Saturday, July 21, 2012

Final Card: Eddie Stanky

This is Eddie Stanky's last card (#564). 1968 would be the last year in a 3-year gig as the Sox' manager.

Stanky was born in Philadelphia in 1915 (and became known as "The Brat from Kensington", later shortened to "The Brat"). Eddie played minor-league baseball from 1935-1942, and made his big-league debut in 1943 as the Cubs' regular 2nd baseman. He split the 1944 season between the Cubs and Brooklyn Dodgers, then held down the starting 2nd base job for the Dodgers (1945-47), Boston Braves (1948-49), and New York Giants (1950-51).  In 1945 he led the National League in runs and walks.

After the '51 season, he was traded to the Cardinals, spending 2 seasons there as a player-manager before becoming the full-time manager in 1954 and 1955.

After leaving the Cards' manager post in 1955, he spent one season managing the Giants' AAA team in Minneapolis in 1956, then spent several years in a player-development role for the Cardinals. He resurfaced in 1965 as a minor-league manager for the Mets.

Stanky was hired by the White Sox before the 1966 season, and remained there until his firing after 79 games in 1968. The team finished in 4th place in his first 2 seasons, and were in 8th place (18 1/2 games back) at the time of his firing.  They should have kept him, as the team finished the season 36 games behind the Tigers.

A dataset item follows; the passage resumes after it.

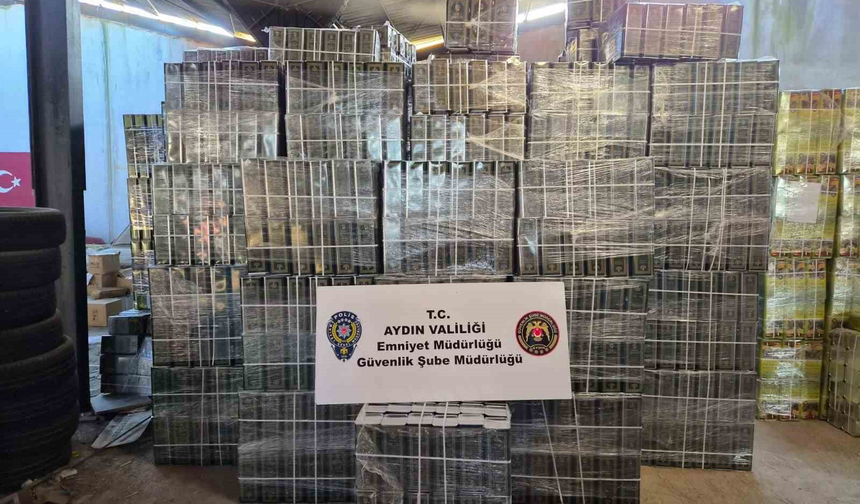 Aydın’da tağşiş zeytinyağı operasyonu: 1 milyon liralık sahte ürün ele geçirildi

After his firing, he coached college baseball in Alabama, then made a 1-game interim manager appearance for the Texas Rangers in 1977.

Saturday, July 7, 2012

Don Wilson (#77)

Like Gary Nolan, Don Wilson was a notable rookie in 1967 that was not included in the 1967 Topps set.

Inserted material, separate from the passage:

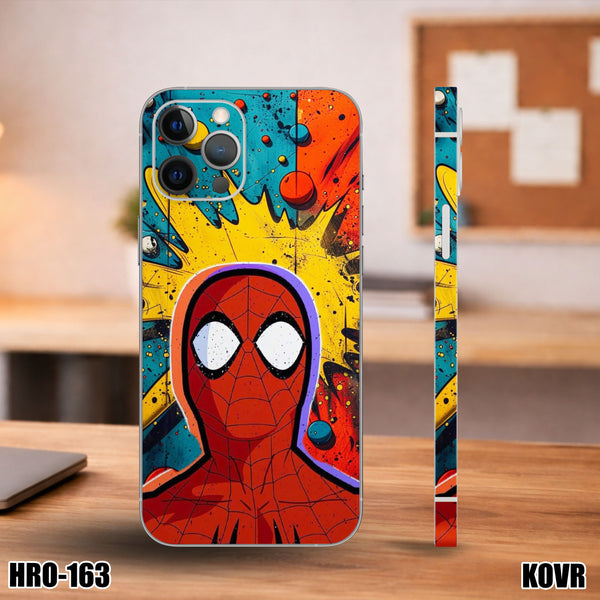 HRO-163 - Spider-Man Art Mobile Skin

Wilson was signed by the Houston Colt .45s in 1964, and pitched 3 seasons in the minors, making his big-league debut on September 29, 1966.

Don joined the Astros' starting rotation as a rookie in 1967, compiling a 10-9 record in 31 games. He was a top-4 starter in each of his seasons with the team (1967-74). Early on, Wilson was behind veterans Mike Cuellar, Dave Giusti, and Larry Dierker.

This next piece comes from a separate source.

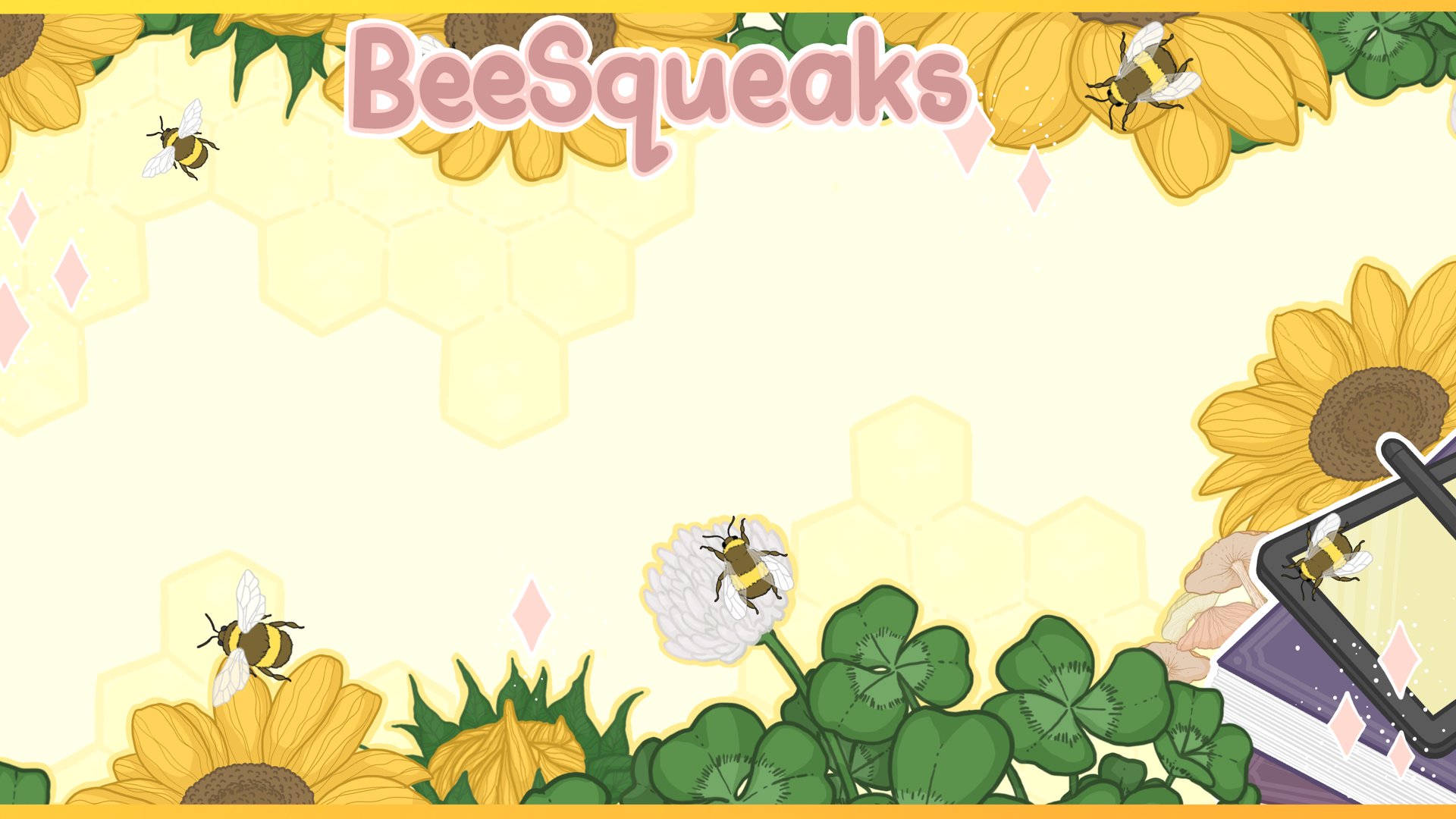 BeeSqueaks banner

By the end of the 1960s, Cuellar and Giusti were gone, leaving Dierker and Wilson at the top of the rotation. 1971 was Don's best season, going 16-10 with 180 strikeouts and a 2.45 ERA in 268 innings. He also made his only all-star appearance that season, pitching 2 innings. [Interesting note: both teams only used 4 pitchers in the '71 all-star game.]

Wilson tragically died in January 1975, at age 29 of carbon monoxide poisoning. The incident occurred at his home, and also claimed the life of his son. This was one of several deaths of current or former Astros players.